My Synopsis.
Imagine
This: You are early twenties, a fashion student and you have a
fetish for men with beards (the longer the length measurable in inches, the
higher the attraction). New year comes with resolutions to be good at what you
do (fashion, making the routine calls to your mum and meeting up with your
friends for a girl’s night out). Of course, if a good man comes by, you could
ditch your celibacy and stop shagging anything without beard and perhaps think
of a more stable relationship.
Your life isn’t perfect. Or even what you hoped for. But at
least, you’ve got friends who arm you with lots of their opinions on sex,
relationship and men enough to get you writing an advice book. You’ve
occasionally ‘interned’ for fashion designer who knows your name whenever he
needs you on the job. You’ve got a paying job with a boss who you do not want
to admit you have the hots for, and might also have the hots for you too (what
with him not having a beard and all?). And you have been sleeping with this
struggling musician from a band with a nice beard and a nice face. You wouldn’t
want to think you are serious with him. But the relationship (or call it
whatever) has passed normal Fuck ‘Em and Ditch ‘Em phase.

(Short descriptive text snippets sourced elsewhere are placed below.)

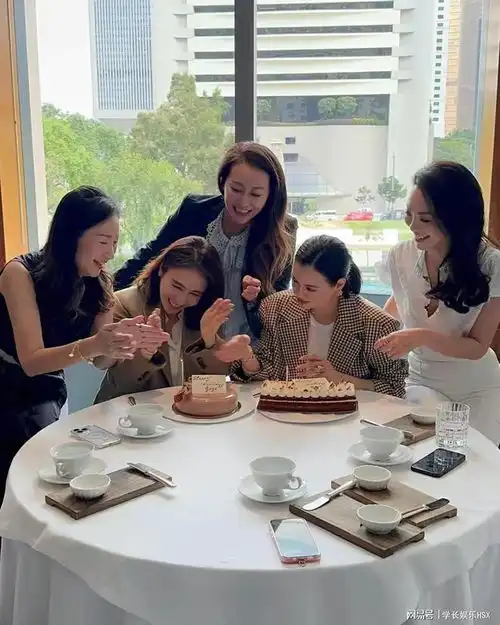 黎姿连环庆生独缺闺密李嘉欣与腾讯总裁夫人脸颊比心秀新闺蜜情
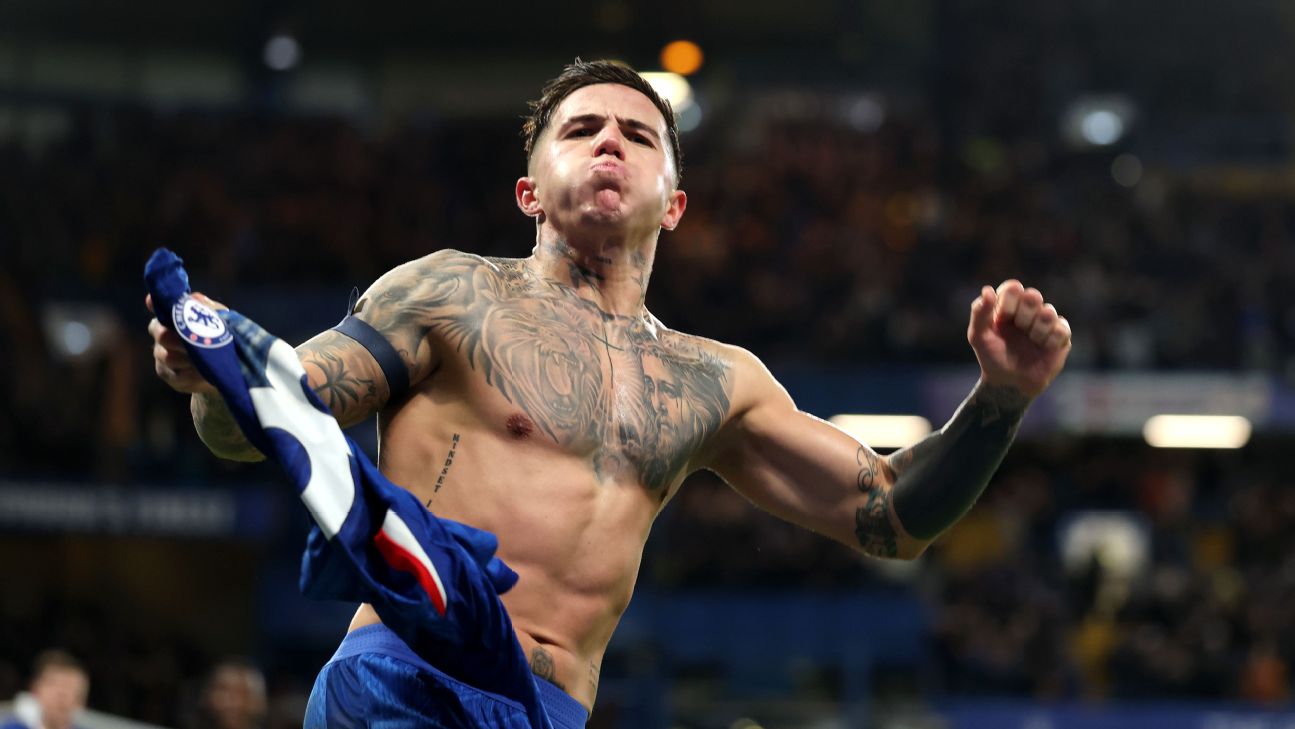 Selebrasi Enzo Fernandez setelah mencetak gol kemenangan Chelsea atas West Ham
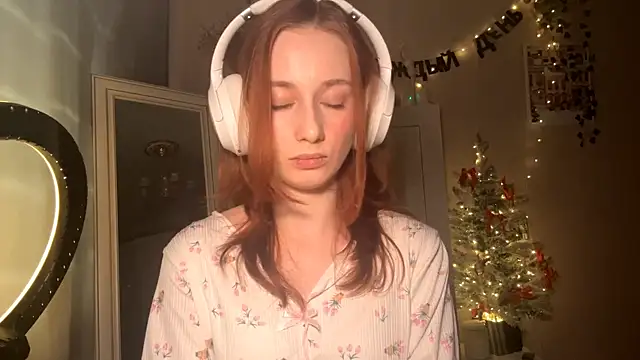 Snapshot of CordeliaEll chatting on 02.17.26 CordeliaEll online show from 02.17.26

But then something seems missing in your life. Something
you’d rather want than what Guy With Lots of Beard can give. Something you
would want with clean-shaven boss but you wouldn’t admit. Until another lady
comes in the picture.
But could your happy-ending be beyond gaining the man of
your dreams (which you are nowhere close to), dumping the beard in your bed, or
something more?
Georgie’s
life summed up for your entertainment.
MY
REVIEW
The storyline of this book was good. Girl going celibate
because she gets dumped, hurt and heartbroken by men who are complete tossers,
Girl works hours to bring out her fashion line in fashion school, Girl meets OK
guy, Girl settles with OK guy, Girl has perfect guy in sight, Perfect Guy might
have another girl in sight, Girl wonders if she’s really meant to choose OK
because that’s better than choosing perfect and getting dumped amidst lending a
sympathetic ear to the complicated problems of her friends. Beautiful.

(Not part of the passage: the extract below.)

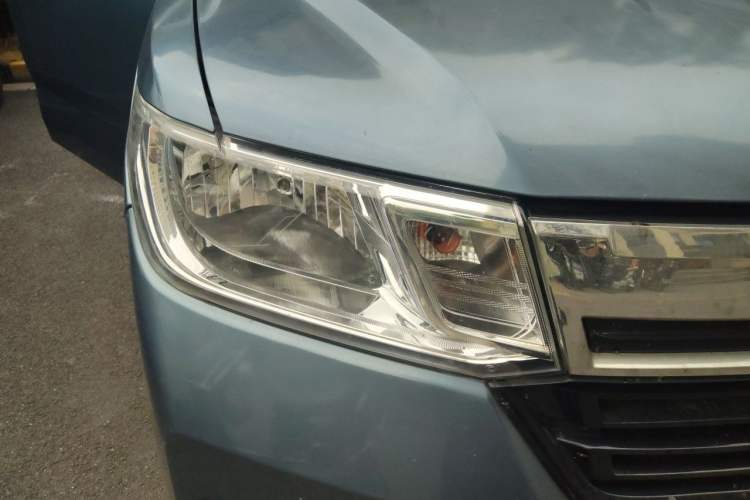 Used Wuling Zhengtu 2021 1.5L Adventure LAR Right Front Headlight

Georgie had so much flesh as someone who couldn’t be
fictitious. I’m not sure, but I felt I was reading the exact life of Elizabeth
Aaron, like a memoir of the sorts. So there was no point in just enjoying the
story, but having this connection with the main character as you would someone
in real life is just super. From her lengthy thoughts on relationships, sex,
and men, you get the feeling you are not reading just a book, but reading a
real-life story penned in a book. ── ★
The other characters made reading this title too worth it.
From Georgie’s mom, who’s bent on letting Georgie forgo a degree and pin down
that man for marriage. Georgie’s dad whose story with her mum and his mistress
I enjoyed most. There’s also Sarah (the loud-mouthed friend), Henry (her
boyfriend) and Alistair (her teenage ex she was having an affair with) whose
drama I adored. Julian (the snotty gay friend), Theo (his boyfriend) and Marco
(the co-worker blackmailing the former if he didn’t have sexual relations with
him he’d make him lose his job and the love of his life). Beardy (the dodgy
asshole kinda boyfriend), was an all-time jackass who stirred up emotions in me
that kept me seething with anger throughout the novel. Scott (Mr. Scottish
Perfect) also held my interest too. A star to the characters. ── ★★
Humor was good. How could it not be if you had the world’s
funniest, most opinionated friends with a hilarious take on mostly sex,
relationships, men (douchebags) and feminism. I looked forward to Georgie’s
night outs with her friends. ── ★★★
I liked this book. But I really wanted to ‘love, love’ it.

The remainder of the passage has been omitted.